Equipment offload kicks off Exercise African Lion ’10

4743

Under a blazing North African sun, US Marines and soldiers worked to offload 276 vehicles and pieces of equipment from the USS Arc in preparation for AFRICAN LION 2010 in Agadir, Morocco.

AFRICAN LION, a US Africa Command-sponsored exercise which commences May 15, will include various types of military training to include a command post exercise, intelligence capacity building, a field training exercise with live-fire, peace operations training, aviation training, medical exchange training, as well as humanitarian civic assistance programs.
“We’ve got a little bit of every [type of gear],” said Warrant Officer One Richard Charest, a mobility officer with Marine Wing Support Squadron 273.

Heavy construction equipment, Humvees and eight M-1A1 tanks were among the gear included in the offload. The bulk of the gear will be used for exercise-related construction, Charest said, while the rest will be used for transportation and military-to-military exchanges.
“Our Marines are looking forward to the chance to operate in their military occupational specialties,” he added. “They’ll be working to set up a field mess, field showers and GP medium tents.”

Because the exercise, coordinated by US Marine Forces Africa, is sourced mainly by personnel from US Marine Forces Reserve and US Army and Air National Guard units, it offers valuable real-life experience to reserve personnel, according to Charest.
“My main goal here is to offload the ship in an organized manner and to act as a safety officer,” said Lance Cpl. Ryan Moszcienski, a landing support specialist with 2nd Landing Support Platoon, 4th Landing Support Battalion, 4th Marine Logistics Group. “We’re working to track the gear as it comes off [the ship], stage it, and ensure it is accessible to each unit.”

Experience and prioritization are the keys to a safe, swift offload, according to Gunnery Sergeant Steven Gagnon, logistics chief with 2nd LSP, 4th LSB, 4th MLG.
“We have 10 Marines who have been here before, and some Marines who are coming straight from school,” Gagnon said of his team of 33 Marines. “The senior Marines have been looking forward to the chance to teach; the junior Marines have a large learning curve.”

In addition to the offload, Gagnon’s team is responsible for staging the gear and providing security for it until the main body arrives to claim it, he said.

The offload did not occur without its challenges. A runaway forklift, flat tires on offloading vehicles belonging to the port, and empty fuel tanks on the Marine’s gear were just some of the snags, Gagnon said. Shipping requirements call for vehicles to be run with low fuel; a faulty gauge can result in a vehicle arriving in port without enough fuel to drive it off the ship.
“You can plan all you want,” he said, “and have the plan incorporated into your mission, but you’re always going to have change. You just have to work around it to get the mission accomplished.”
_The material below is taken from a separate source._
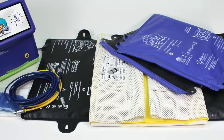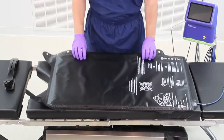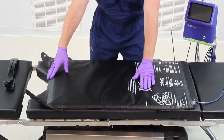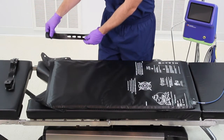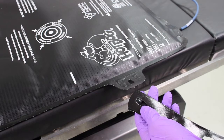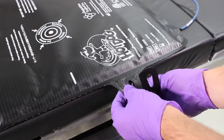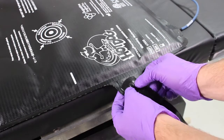Waffle Grip must be used in conjunction with the Hot Dog patient warming system. Place the U300 Hot Dog warming mattress overlay on the operating table pad and align with the perineal cutout of the OR table. Secure the warming mattress to the side rails of the table using 4 to 6 of the durable reusable black straps. Attach the strap to the warming mattress by separating the end flaps and inserting the strap's mushroom button through the loop on the warming mattress.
Elements of the 1175th Transportation Company from the Tennessee Army National Guard were also on hand to assist with the offload.

Marines from 4th Tank Battalion, 4th Marine Division will conduct a command post exercise, and various service members from the 4th Marine Division will conduct bi-lateral training at the unit level, weapons qualification training and peace operations training with units from the Royal Moroccan armed forces. Marines from the Marine Aerial Refueler Transport Squadron 234, Marine Aircraft Group 41, and instructors from the Army 11th Tactical Air Command will conduct aerial refuelling, low-level flight training and provide classes on helicopter operations with their counterparts in the Royal Moroccan air force.

Concurrent with the exercise, US military professionals from the Utah Air National Guard will provide medical, dental and veterinarian humanitarian assistance to local residents in and around the community of Taroudant.

AFRICAN LION 2010 is an annually scheduled, joint, combined US-Moroccan exercise. It brings together nearly 1000 US service members from 16 locations throughout Europe and North America with more than 1000 members of the Moroccan military. It is the largest exercise within the US Africa Command (AFRICOM) area of responsibility, and is designed to promote interoperability and mutual understanding of each nation’s military tactics, techniques and procedures. The exercise is scheduled to end on or around June 9. All US forces will return to their home bases in the United States and Europe at the conclusion of the exercise.